There are many other fine
tidbits I could pass along about how I spent my time last night. Get the
picture? If Sofia Coppola isn’t the queen of slow, she’s the princess of
bore. I got that message with “Lost in Translation,” (2003) but she
proves it with this biopic of the last French Queen, based on a book by
Antonia Fraser. If you want to know what superficial is, see this film.
Coppola also wrote the script, but the script couldn’t be more than ten
pages in length because there isn’t much dialogue, and what dialogue
there is consists of things like Marie saying, “There must be something
we can do to relieve their suffering,” when told that the Frenchies had
a quality of life that was barely above zero.

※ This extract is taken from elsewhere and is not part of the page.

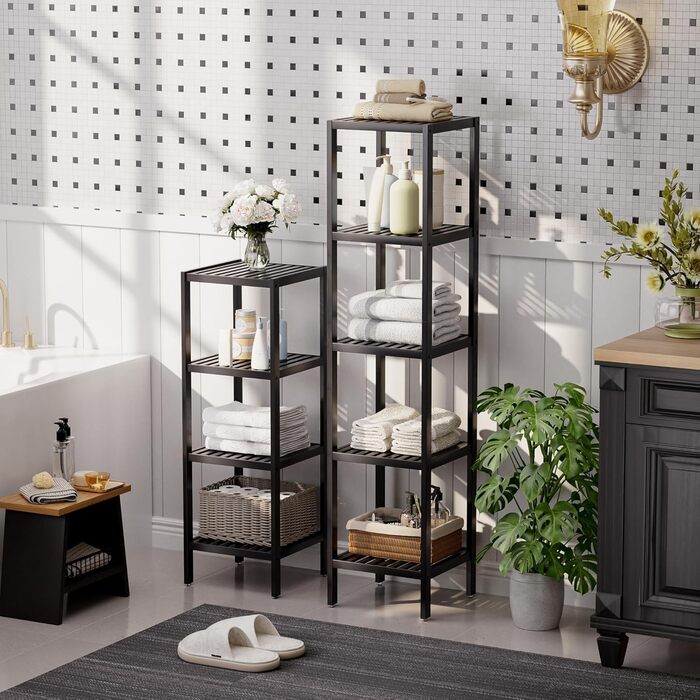 Полиця для зберігання у ванній кімнаті, 5 рівнів, бамбукова полиця, органайзер, багатофункціональна полиця для вітальні, спальні, кухні (чорна) 5 рівнів чорного кольору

Want an example of slow and
boring? Many abound. There’s a scene of Marie and two of her courtiers
walking up a huge flight of steps that look as if they are as tall as
UCLA’s Janss Steps (95 brick steps leading up from the Men’s Gym to the
main part of campus). We see them walk up the entire flight, which takes
at least a minute, if not longer. There is not one iota of reason for
this scene, except to take up time.
She throws in a gratuitous
shot of Marie’s lover, the Swedish Count Fersen (Jamie Dornan), on a
horse dressed up like Napoleon (who was only 20 at the time of the
storming of the Bastille in 1989, which is the time period of the film
as Marie lost her head in 1893), rearing his horse up on its backlegs
like the famous painting of Napoleon crossing the Alps by Jacques Louis
David. If there’s a point here, it was beyond me.
Of course, that occurs in
about the last ten minutes of the film. The first one hour 35 minutes
may be summed up by a line that Sofia penned herself (although she took
it from the diary of King Louis XVI, played as a fool by Jason
Schwartzman). Describing the wedding night, someone says, “Nothing
happened,” which is an apt epitaph for this film.
Although she’s been in more
than her share of dogs (“Elizabethtown,” 2005, “Mona Lisa Smile,” 2003,
and The Spider-man cartoons; I know they weren’t cartoons, they just
look, play, sound like, and have the intellectual level of, cartoons),
she has been in some films I enjoyed, like 2004’s “Wimbledon,” and
“Eternal Sunshine of the Spotless Mind.” I actually liked her in “Marie
Antoinette.” But the film is so shallow that even an actress I like
can’t save it.
That said, Dunst is a charter
member of the Sean Penn School. Her crying scene sans tears looks almost
like she’s laughing. If I’ve said it once, I’ve said it many, many
times; if your actor can’t cry tears on cue, cut the crying scenes.
The only reason this doesn’t
get the lowest rating possible is because it is a very good travelogue,
since Coppola was given unusual access to film at Versailles, and the
other locations are gorgeous. They don’t justify having to sit through
this turkey, though. Because of “Lost in Translation,” Sofia’s name was
already on my “avoid” list. Now it’s irremovable. I don’t’ think anyone
who could pen and direct movies like the ones for which she has been
responsible could ever understand pace. Despite its sumptuous production
design (KK Barrett) and cinematography (Lance Acord), this is
grotesquely superficial, slow, and boring.